DATA SUPPLIED:
───
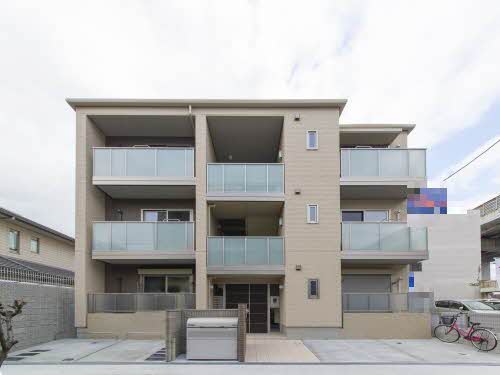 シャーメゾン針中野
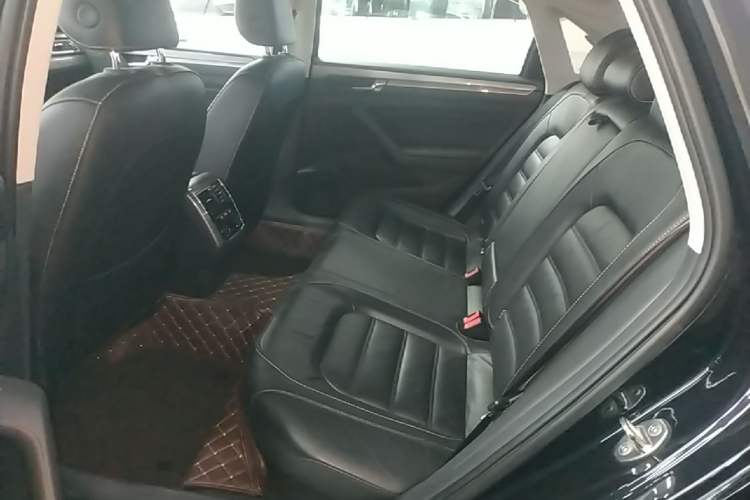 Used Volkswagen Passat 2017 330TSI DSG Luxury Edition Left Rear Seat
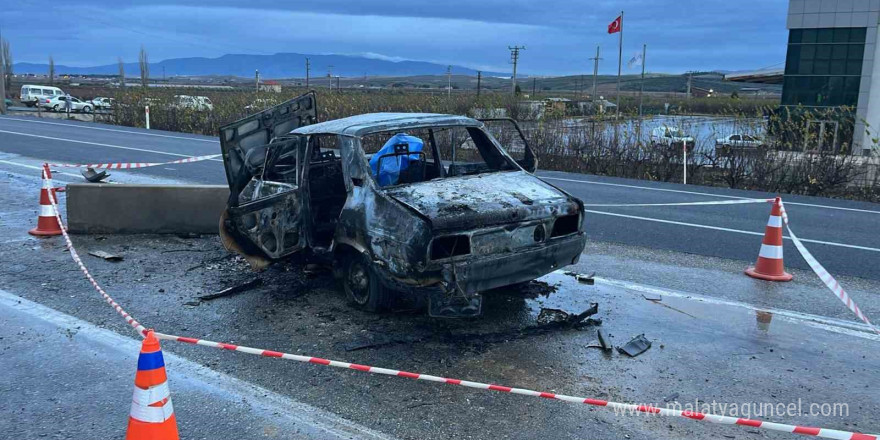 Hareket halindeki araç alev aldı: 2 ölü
───
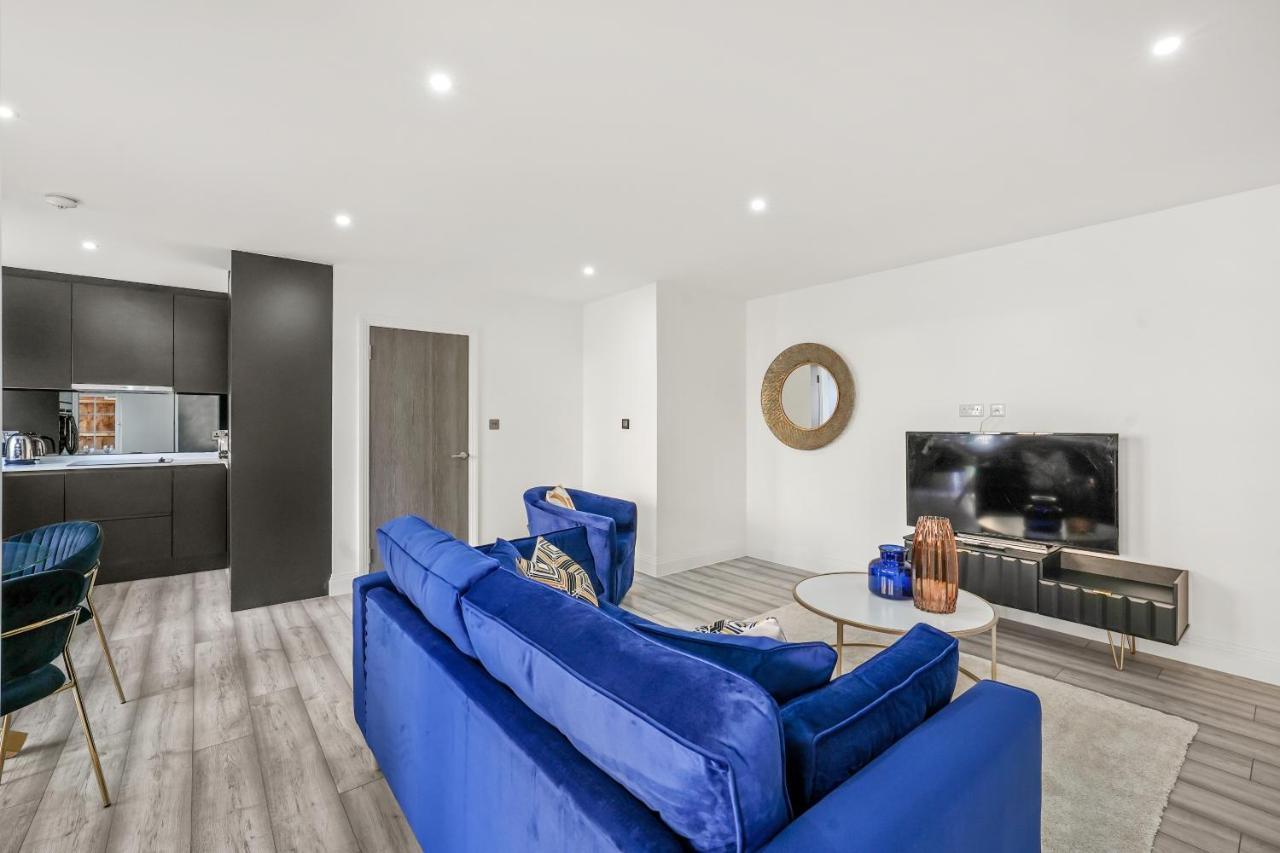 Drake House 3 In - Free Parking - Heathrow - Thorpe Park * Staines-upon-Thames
───
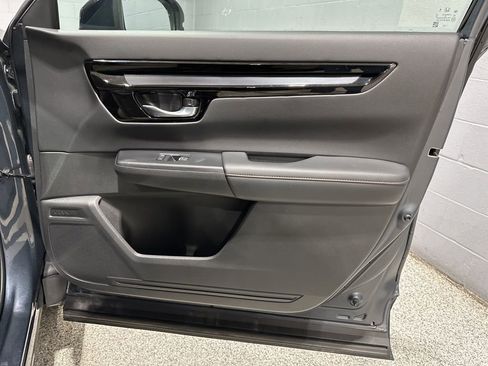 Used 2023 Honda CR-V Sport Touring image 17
───
WHAT IS BEING ASKED: Using the listing above, repeat word for word each line from the one with "Used Volkswagen Passat" down to the one with "Hareket halindeki araç alev aldı: 2 ölü", both included. Omit all pictures.

RESULT OF THIS EXERCISE:
 Used Volkswagen Passat 2017 330TSI DSG Luxury Edition Left Rear Seat
 Hareket halindeki araç alev aldı: 2 ölü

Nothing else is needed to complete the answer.